"Conto Popular é Literatura ?" - Texto por Farrel Kautely


Provavelmente contamos histórias desde que nossa escala evolutiva permitiu o surgimento da comunicação verbal.

Não é absurdo presumir que, assim como o uso que fazíamos das pinturas rupestres, não demoramos a utilizar a habilidade da fala para construir uma memória coletiva, mantendo nossos feitos e conquistas vivos nas mentes das novas gerações.

O ato de contar histórias, no entanto, nunca se limitou a conservar a memória. Narrativas são consideravelmente eficazes quando utilizadas num processo de aprendizagem, e o conteúdo a ser aprendido/ensinado pode ser de qualquer natureza.

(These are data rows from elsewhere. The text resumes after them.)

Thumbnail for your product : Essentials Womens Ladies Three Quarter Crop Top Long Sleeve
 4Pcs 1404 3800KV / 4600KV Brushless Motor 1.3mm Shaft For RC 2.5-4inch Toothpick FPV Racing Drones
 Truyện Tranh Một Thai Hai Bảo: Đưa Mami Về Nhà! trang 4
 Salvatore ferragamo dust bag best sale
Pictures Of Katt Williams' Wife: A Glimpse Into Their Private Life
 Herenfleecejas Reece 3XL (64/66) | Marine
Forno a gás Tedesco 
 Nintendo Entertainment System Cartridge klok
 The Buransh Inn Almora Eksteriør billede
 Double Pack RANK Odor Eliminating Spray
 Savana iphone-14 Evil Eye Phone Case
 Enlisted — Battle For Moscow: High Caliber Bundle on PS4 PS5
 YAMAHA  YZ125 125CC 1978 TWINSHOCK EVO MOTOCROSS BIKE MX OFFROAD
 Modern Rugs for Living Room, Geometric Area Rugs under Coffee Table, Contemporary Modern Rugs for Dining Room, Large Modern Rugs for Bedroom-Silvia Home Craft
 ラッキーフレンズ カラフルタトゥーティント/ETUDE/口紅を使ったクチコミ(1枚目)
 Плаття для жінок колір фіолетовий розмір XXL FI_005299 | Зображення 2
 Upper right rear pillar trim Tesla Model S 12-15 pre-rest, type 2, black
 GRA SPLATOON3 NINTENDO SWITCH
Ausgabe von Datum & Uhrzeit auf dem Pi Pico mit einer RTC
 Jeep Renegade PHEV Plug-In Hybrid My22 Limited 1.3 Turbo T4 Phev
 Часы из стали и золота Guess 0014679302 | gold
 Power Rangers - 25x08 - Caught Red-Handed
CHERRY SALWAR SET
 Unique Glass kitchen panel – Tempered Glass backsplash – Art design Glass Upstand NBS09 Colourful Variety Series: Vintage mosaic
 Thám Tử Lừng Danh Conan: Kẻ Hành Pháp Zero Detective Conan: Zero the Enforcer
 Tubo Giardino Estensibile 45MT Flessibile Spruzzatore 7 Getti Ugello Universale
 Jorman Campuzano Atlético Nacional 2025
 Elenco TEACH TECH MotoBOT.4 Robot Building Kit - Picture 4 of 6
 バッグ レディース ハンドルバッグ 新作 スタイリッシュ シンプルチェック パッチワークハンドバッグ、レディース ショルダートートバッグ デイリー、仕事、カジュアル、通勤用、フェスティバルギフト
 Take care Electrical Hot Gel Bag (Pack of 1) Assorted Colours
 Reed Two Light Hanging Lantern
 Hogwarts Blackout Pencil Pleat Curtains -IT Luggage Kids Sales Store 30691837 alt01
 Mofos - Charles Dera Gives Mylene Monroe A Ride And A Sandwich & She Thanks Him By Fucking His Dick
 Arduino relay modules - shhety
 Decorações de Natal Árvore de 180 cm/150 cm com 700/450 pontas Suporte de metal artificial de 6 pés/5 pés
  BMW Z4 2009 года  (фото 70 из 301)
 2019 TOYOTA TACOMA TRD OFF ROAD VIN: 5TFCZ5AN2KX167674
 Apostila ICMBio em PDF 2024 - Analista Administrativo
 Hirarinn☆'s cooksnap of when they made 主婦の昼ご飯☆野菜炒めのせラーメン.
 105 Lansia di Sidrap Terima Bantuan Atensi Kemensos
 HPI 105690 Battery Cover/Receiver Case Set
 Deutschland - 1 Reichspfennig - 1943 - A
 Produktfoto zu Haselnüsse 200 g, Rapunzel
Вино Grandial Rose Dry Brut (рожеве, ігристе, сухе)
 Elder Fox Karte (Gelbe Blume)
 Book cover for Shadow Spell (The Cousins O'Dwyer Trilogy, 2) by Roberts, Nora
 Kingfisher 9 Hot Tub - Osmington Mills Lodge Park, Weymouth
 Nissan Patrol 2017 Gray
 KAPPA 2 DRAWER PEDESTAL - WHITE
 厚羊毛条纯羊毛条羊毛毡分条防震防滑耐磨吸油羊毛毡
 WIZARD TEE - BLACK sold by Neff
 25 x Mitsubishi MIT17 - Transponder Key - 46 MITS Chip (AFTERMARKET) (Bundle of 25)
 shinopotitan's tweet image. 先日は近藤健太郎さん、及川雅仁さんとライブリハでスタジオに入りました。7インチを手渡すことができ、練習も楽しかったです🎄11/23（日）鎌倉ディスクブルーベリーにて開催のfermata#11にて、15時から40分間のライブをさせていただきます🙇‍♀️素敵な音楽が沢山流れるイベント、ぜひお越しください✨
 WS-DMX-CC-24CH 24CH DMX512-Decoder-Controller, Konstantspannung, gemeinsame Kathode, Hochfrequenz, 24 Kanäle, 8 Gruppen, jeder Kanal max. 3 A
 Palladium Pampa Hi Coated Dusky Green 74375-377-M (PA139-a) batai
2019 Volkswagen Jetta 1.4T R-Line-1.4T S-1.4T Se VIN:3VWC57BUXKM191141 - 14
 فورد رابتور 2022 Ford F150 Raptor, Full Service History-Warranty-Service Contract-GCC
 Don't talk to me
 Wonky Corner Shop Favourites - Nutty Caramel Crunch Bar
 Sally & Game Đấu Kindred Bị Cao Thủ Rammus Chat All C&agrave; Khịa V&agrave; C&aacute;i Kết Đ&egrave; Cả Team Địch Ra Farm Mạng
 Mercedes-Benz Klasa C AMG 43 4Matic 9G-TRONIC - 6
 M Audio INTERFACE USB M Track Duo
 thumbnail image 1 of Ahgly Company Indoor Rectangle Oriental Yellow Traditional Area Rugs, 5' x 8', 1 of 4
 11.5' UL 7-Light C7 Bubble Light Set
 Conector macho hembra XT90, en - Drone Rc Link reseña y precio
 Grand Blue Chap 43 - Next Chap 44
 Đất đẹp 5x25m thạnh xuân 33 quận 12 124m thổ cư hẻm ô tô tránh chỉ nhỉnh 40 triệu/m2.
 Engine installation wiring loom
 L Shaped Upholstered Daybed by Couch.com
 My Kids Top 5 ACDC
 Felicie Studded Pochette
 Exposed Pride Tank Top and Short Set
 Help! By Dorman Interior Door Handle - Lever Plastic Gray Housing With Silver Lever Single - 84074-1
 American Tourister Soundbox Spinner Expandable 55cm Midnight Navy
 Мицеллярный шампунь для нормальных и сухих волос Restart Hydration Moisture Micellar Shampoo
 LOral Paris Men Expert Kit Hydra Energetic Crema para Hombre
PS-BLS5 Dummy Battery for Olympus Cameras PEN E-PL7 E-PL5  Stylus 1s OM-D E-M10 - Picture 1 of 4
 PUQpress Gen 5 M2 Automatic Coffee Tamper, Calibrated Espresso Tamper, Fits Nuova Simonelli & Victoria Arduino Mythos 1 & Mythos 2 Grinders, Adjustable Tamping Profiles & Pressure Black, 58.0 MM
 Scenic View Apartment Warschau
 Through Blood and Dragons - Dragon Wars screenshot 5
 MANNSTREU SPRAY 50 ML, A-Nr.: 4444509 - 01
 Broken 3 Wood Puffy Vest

Histórias de um amor proibido entre o Sol e a Lua podem ter o intuito de explicar o porquê de um ser visto somente ao dia e outro comumente somente à noite, por exemplo, enquanto que histórias sobre mulas sem cabeça buscam instruir moças a não se engraçarem para o lado de padres.

São esses os contos populares, histórias narradas de pais para filhos que constroem a identidade de um povo. Não possuem uma autoria definida, é como se todo o povo fosse o autor da narrativa.

É o que diz Michele Simonsen (1987), em seu livro O Conto Popular: “no sentido estrito da palavra, um conto popular é um conto que se diz e se transmite oralmente”.

Simonsen também fala em seu livro sobre o esforço para distinguir o conto popular de outros gêneros narrativos populares de acordo com suas características temáticas, estruturais, e etc., classificando as narrativas como mitos, lendas e outros.

Nas classificações levantadas pela autora de acordo com a cultura europeia, o conto em si se distingue da lenda, por exemplo, por se tratar de uma narrativa ficcional cuja função social se limita ao divertimento, enquanto que a história contida na lenda é tida como verídica e teria a função de transmitir uma lição moral.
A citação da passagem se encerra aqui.